> Exercise: When you reach the line containing "Player Who Returned" in the data below, begin returning lines exactly as written, and stop once the line containing "Profile Picture of" has been returned.

> Data provided:
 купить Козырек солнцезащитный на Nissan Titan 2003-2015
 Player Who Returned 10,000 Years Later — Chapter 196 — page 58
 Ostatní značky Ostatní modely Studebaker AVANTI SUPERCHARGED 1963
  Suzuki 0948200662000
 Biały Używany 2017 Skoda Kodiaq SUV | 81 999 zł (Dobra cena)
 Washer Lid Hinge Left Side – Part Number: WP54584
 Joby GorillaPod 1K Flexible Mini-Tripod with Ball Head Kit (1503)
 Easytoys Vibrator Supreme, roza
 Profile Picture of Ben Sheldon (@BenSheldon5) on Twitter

---

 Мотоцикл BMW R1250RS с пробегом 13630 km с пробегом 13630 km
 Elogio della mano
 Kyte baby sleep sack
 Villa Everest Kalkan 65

> Reply to the task:
 Player Who Returned 10,000 Years Later — Chapter 196 — page 58
 Ostatní značky Ostatní modely Studebaker AVANTI SUPERCHARGED 1963
  Suzuki 0948200662000
 Biały Używany 2017 Skoda Kodiaq SUV | 81 999 zł (Dobra cena)
 Washer Lid Hinge Left Side – Part Number: WP54584
 Joby GorillaPod 1K Flexible Mini-Tripod with Ball Head Kit (1503)
 Easytoys Vibrator Supreme, roza
 Profile Picture of Ben Sheldon (@BenSheldon5) on Twitter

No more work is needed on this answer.